Shrimp is one of my favorite food to eat; pasta, too! Thus, it is no surprise that I love making chicken fettucini during special and not-so-special days. Usually, I prepare this during my birthday and that of my mother's. This is one of her several
favorite pasta dishes. Like me, she also loves
seafood and pasta. Combine those two and, of course, you can get Seafood Fettucini. Talk about killing two birds with one stone, right? Besides, it won't take any genius to decipher how to prepare this great dish. You just have to have the proper ingredients, follow the instructions on the recipe book, and you'll have the seafood fettucini in no time at all!
Ingredients:
4 tbsp of butter
1 large onion (chopped)
3 tbsp of all purpose flour
2 cups of milk
1 can of mushroom soup (condensed cream)
4 oz of shrimp (deveined and peeled)
4 oz of crabmeat
8 raw bay scallops
16 oz of fettucini noodles (dry)
Place water in a pot. Add a few salt to taste. Put the pasta and cook them for around 8 up to ten minutes. See if your pasta is al dente, if it is then you can stop cooking the pasta. Drain the water from the pot and leave the pasta for a while. Meanwhile, you need to place the onions, garlic, and butter in a large pan.
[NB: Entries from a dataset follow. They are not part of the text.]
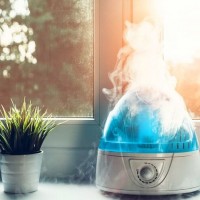 The harm and benefits of a humidifier: arguments for and against using devices in an apartment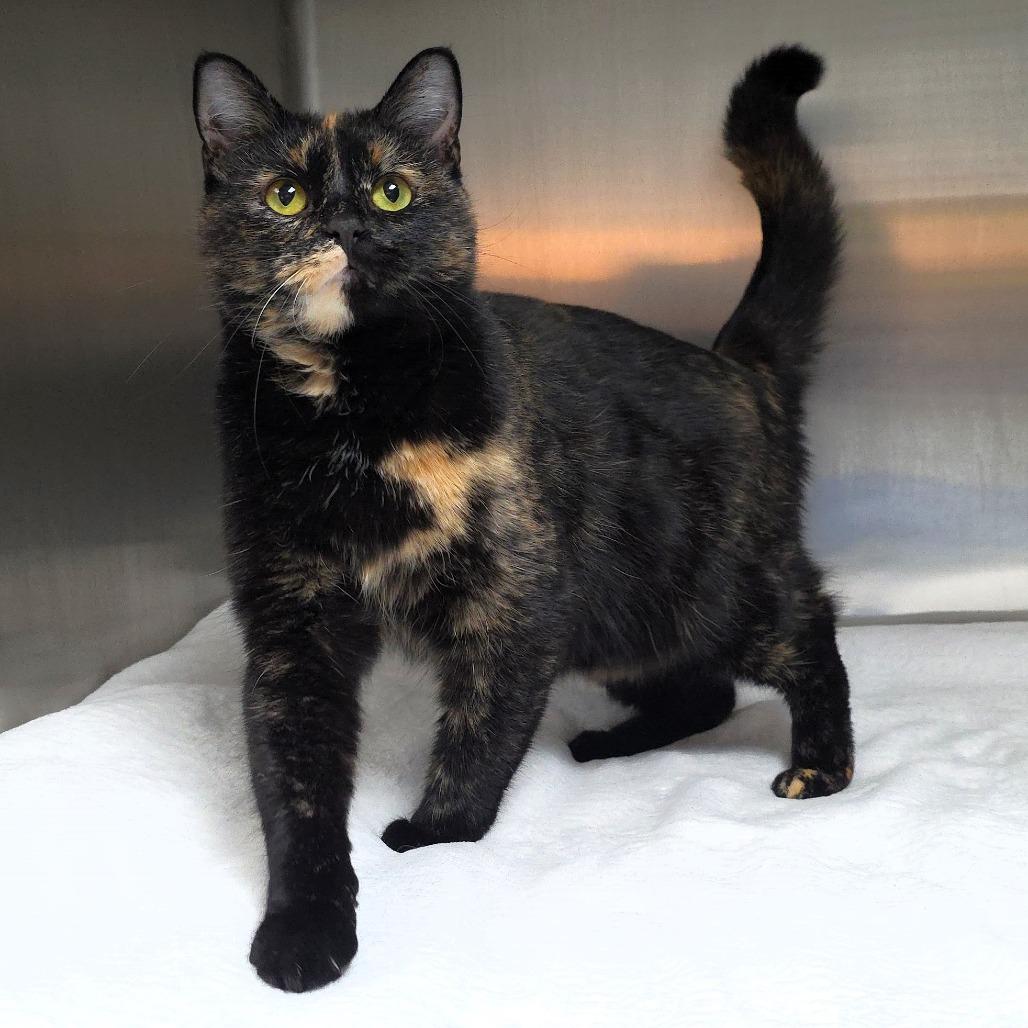 Saturn, a Adoptable Domestic Medium Hair in Michigan City, IN image 2/6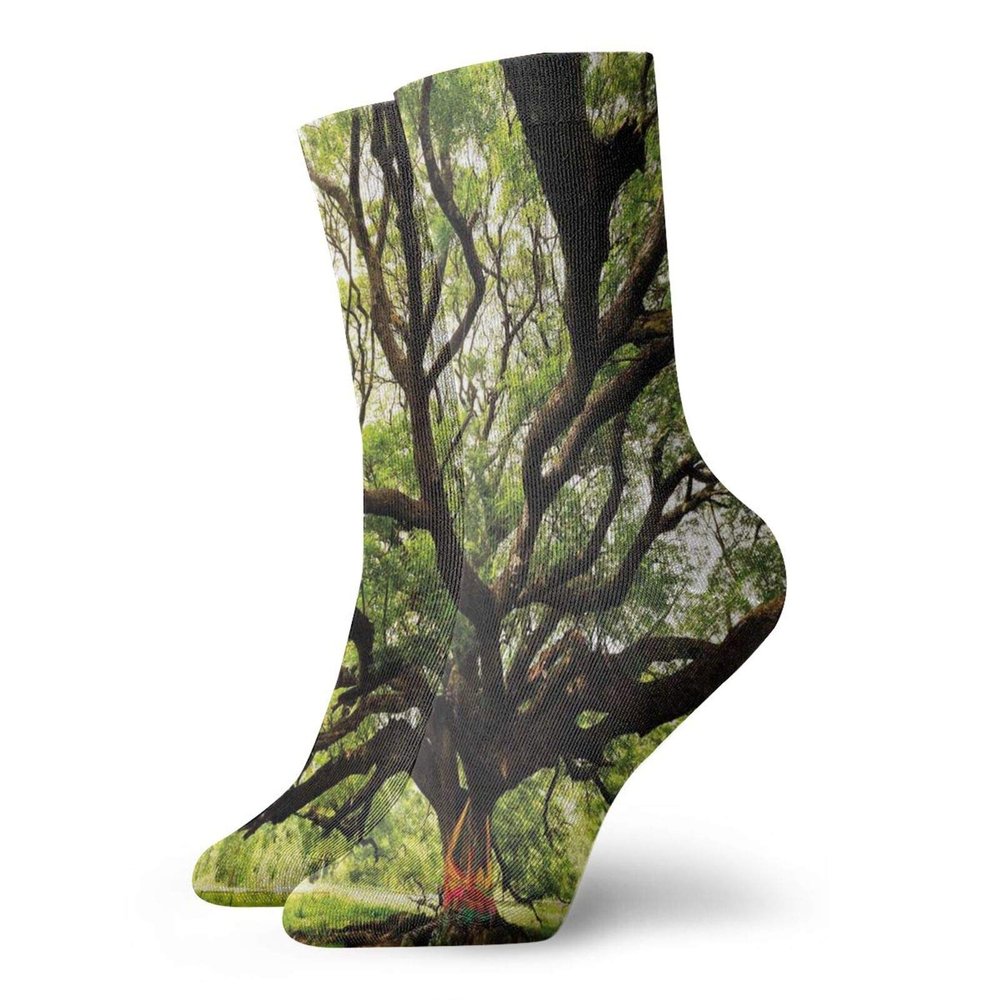 Nature Funny Compression Socks Women and Men,The Largest Monkey Pod Tree In Thailand Eastern Green Big Branches Growth Eco Photo,Best for Circulation,Running,Athletic,Nurse,Travel,Green Brown -12 inch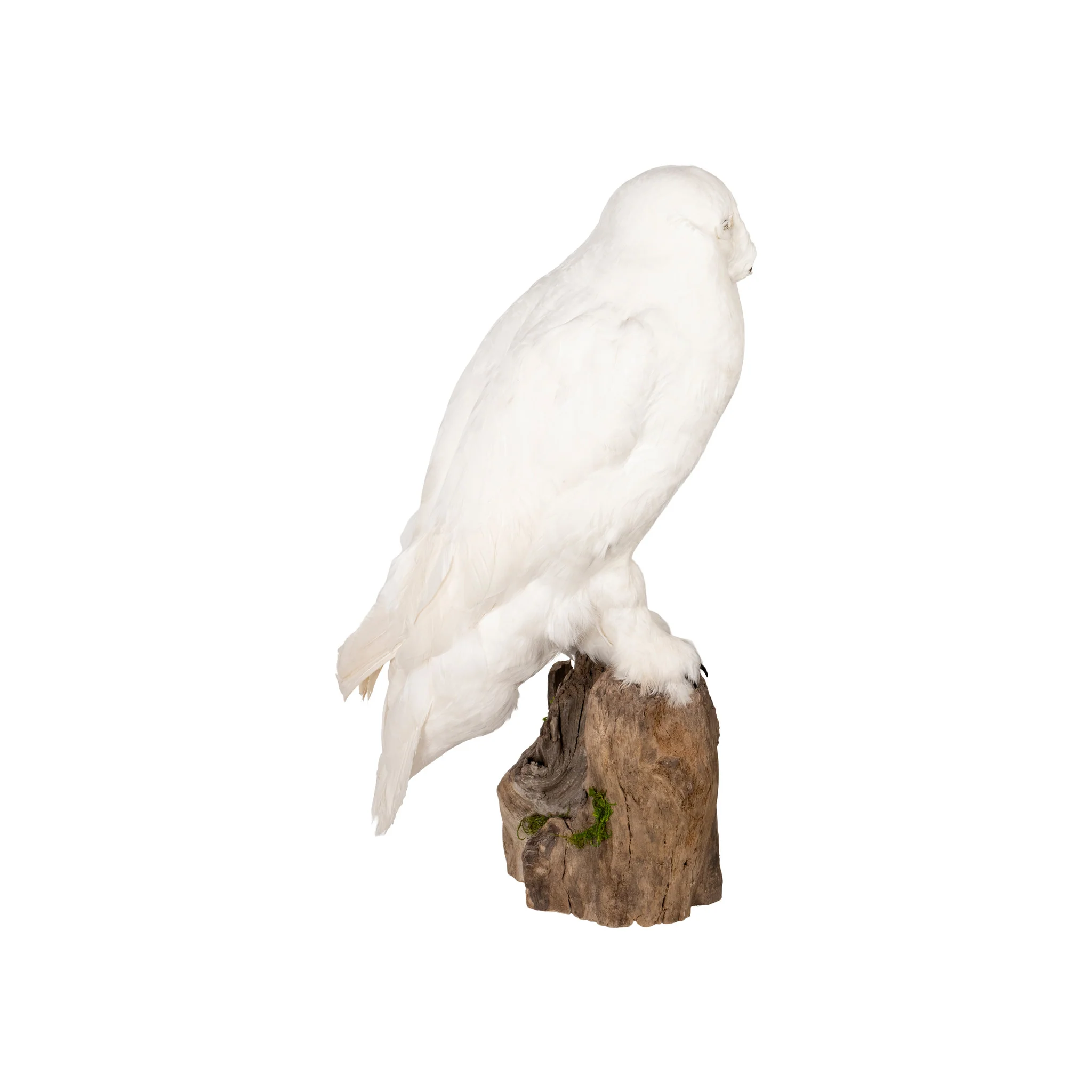 "Snowy Owl" Mount - Image 4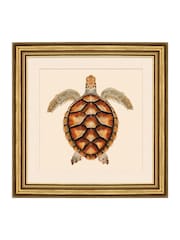 Brookpace Lascelles Brown/Gold Turtle 2' Coastal Wall Art - Image 1 of 4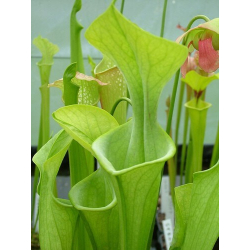 Sarracenia oreophila -- green form,small veins-Sarracenia oreophila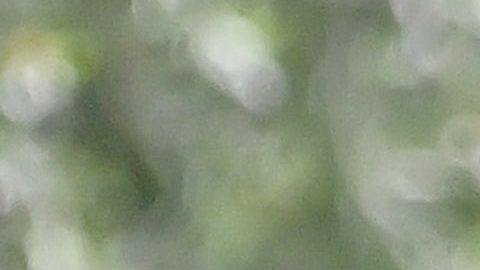 Clara Chía Martín y Gerard Piqué por Barcelona.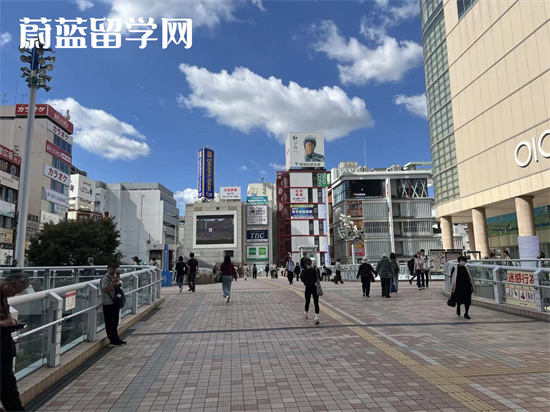 日本留学：修士预科与博士预科全解析
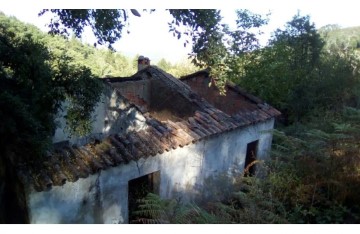 Quintas e casas rústicas em Alferce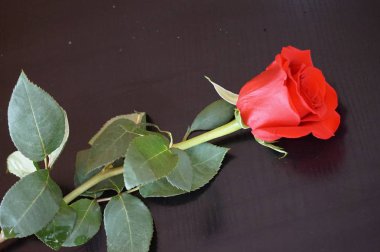 kırmızı gül arka plan olarak uygun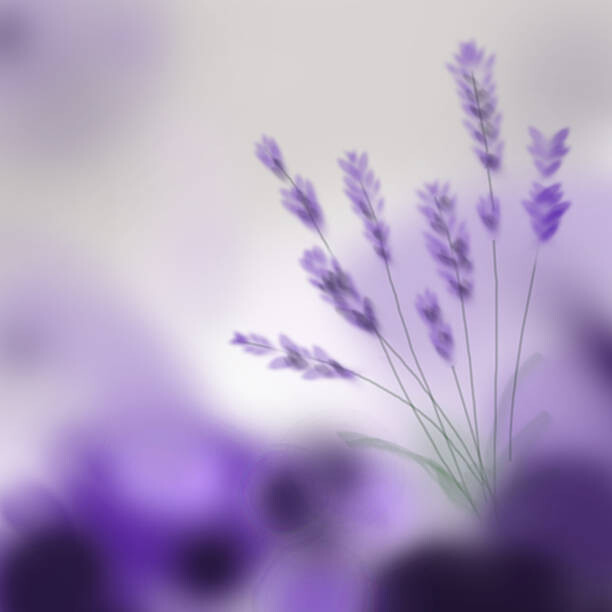Αφίσα Lavender bouquet on purple background. Digital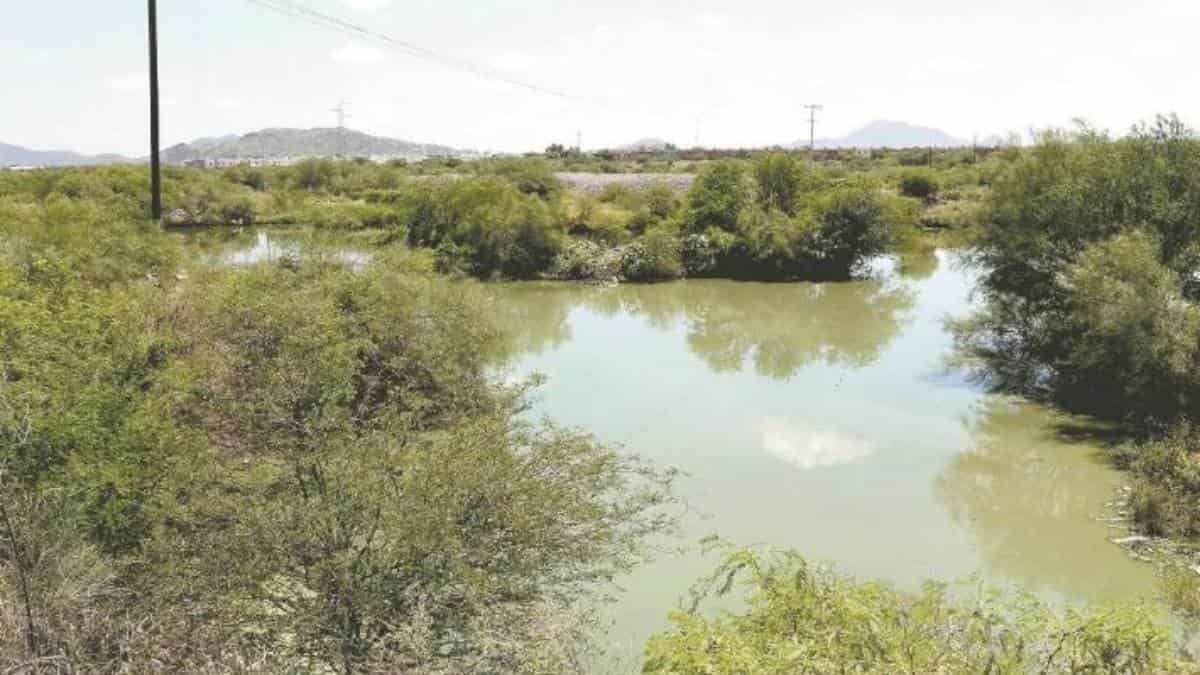 Yesica Sifuentes activa el sistema de drenaje en Casta&ntilde;os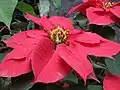 Der Weihnachtsstern ist eine Blume mit vielen Blüten.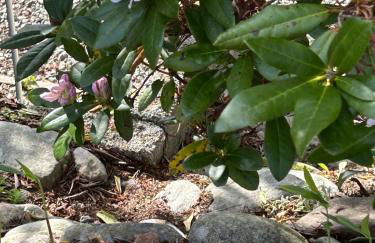 Spean Bridge Chalet - Photo 10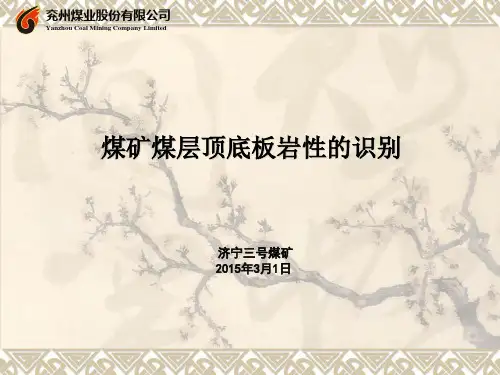 区队技术人员培训--煤矿煤层顶底板岩性的识别 (2015.3.2)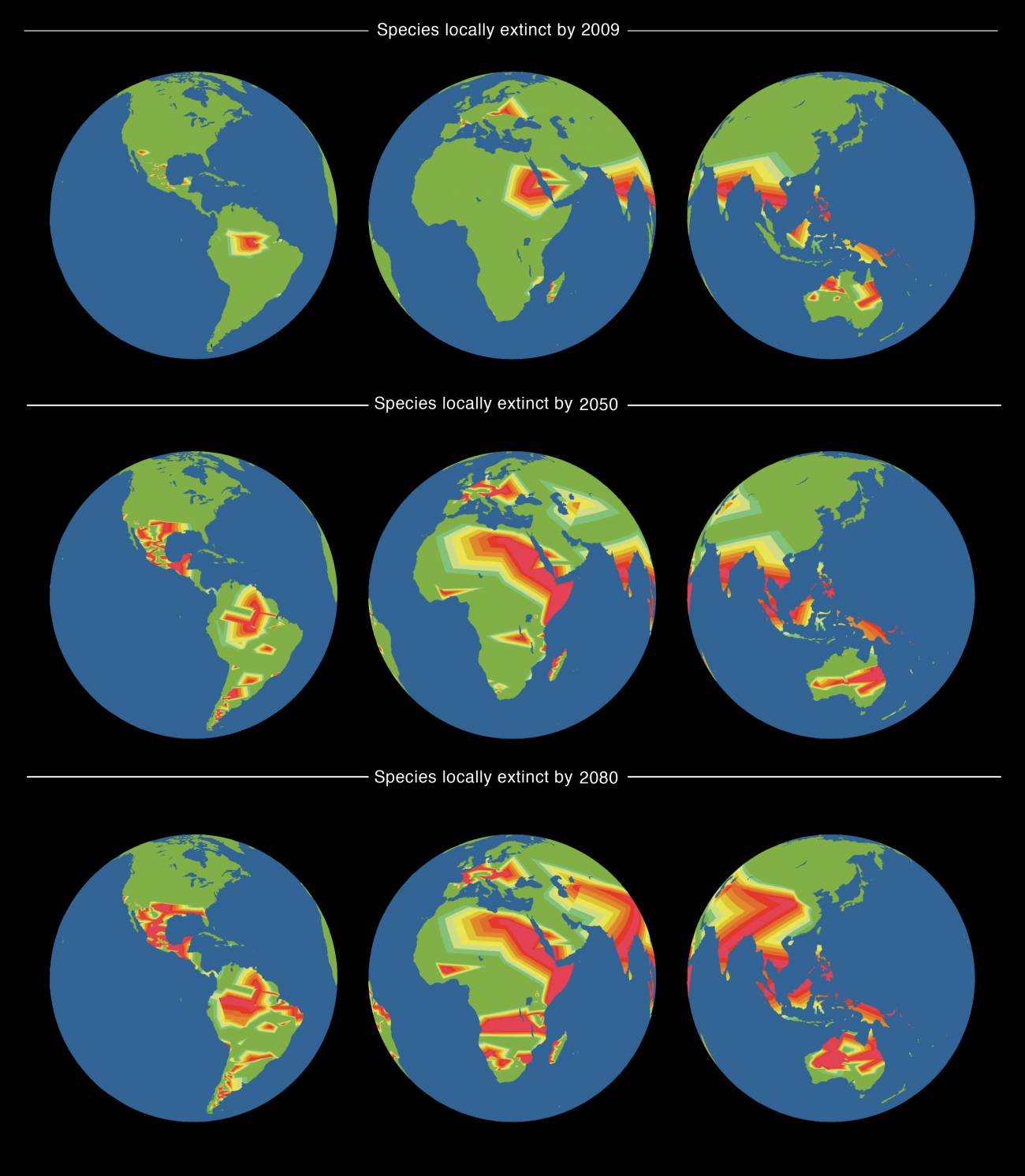 Mapas mundiales de las extinciones detectadas en 2009, junto con proyecciones para 2050 y 2080 basadas en la distribución geográfica de las familias de lagartos en del mundo.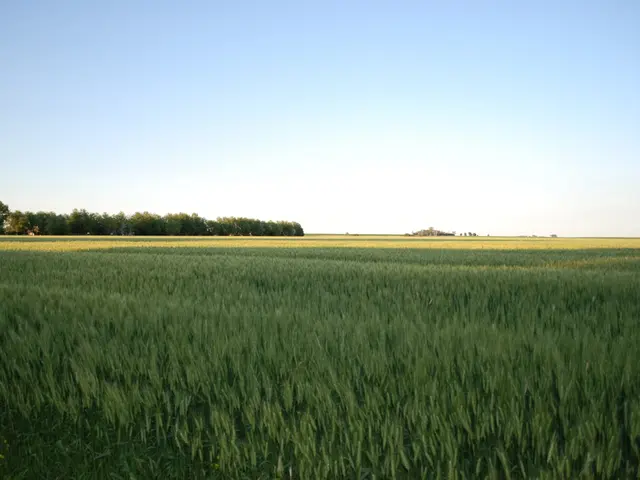 HP Enterprise distributed a $25 million dividend to an Irish company in June.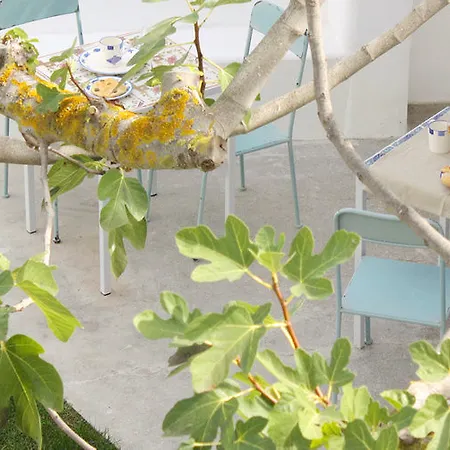 Hotel Intorno Al Fico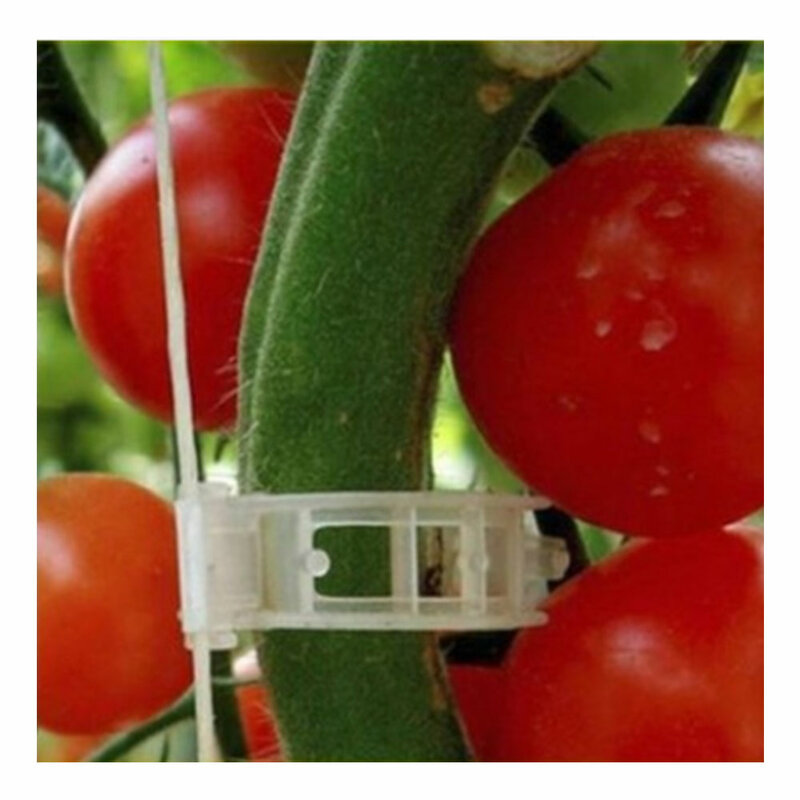 50/100pcs 플라스틱 식물 클립 지원 재사용 방지 접목 고정 도구 원예 용품 야채 토마토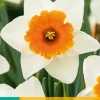 5 narcissus chromacolor|ohgreen Best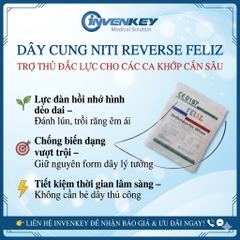 Dây cung Reverse - Feliz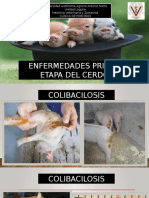 Enfermedades Primer Etapa Del Cerdo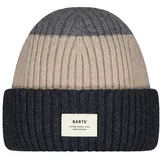 Barts Rylan Beanie Grau 53-55 cm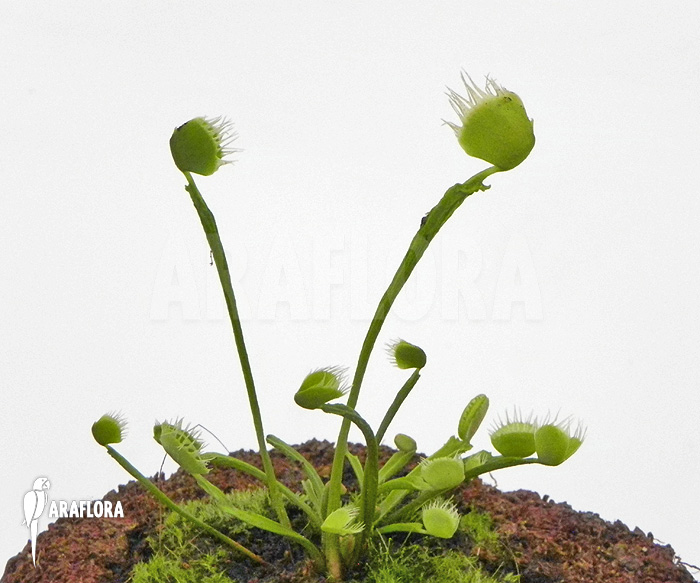 Dionaea muscipula ‚Australian Cup‘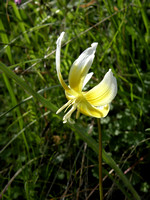 Sierra Fawn Lily / Adder's Tongue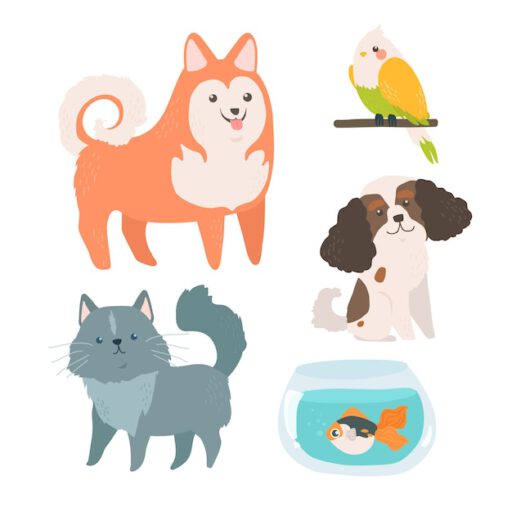 different pets concept 23 2148516415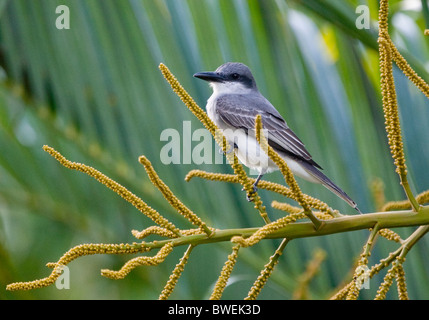 Graue Kingbird oder Pitirre (Tyrannus Dominicensis) sitzt auf einer Palme in Barbados Stockfoto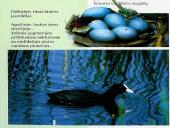 Vandens paukščiai 20 puslapis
Saute the said ingredients until the onions are translucent in color. Afterwards, coat the onions with all purpose flour. Eventually, add milk in gradual portions, Stir while you add the seafood and the
mushroom soup. Lastly, cook the mixture until you see that the scallops are already opaque and that the shrimps have turned pink. You'll know that you're done when the seafood have changed their color.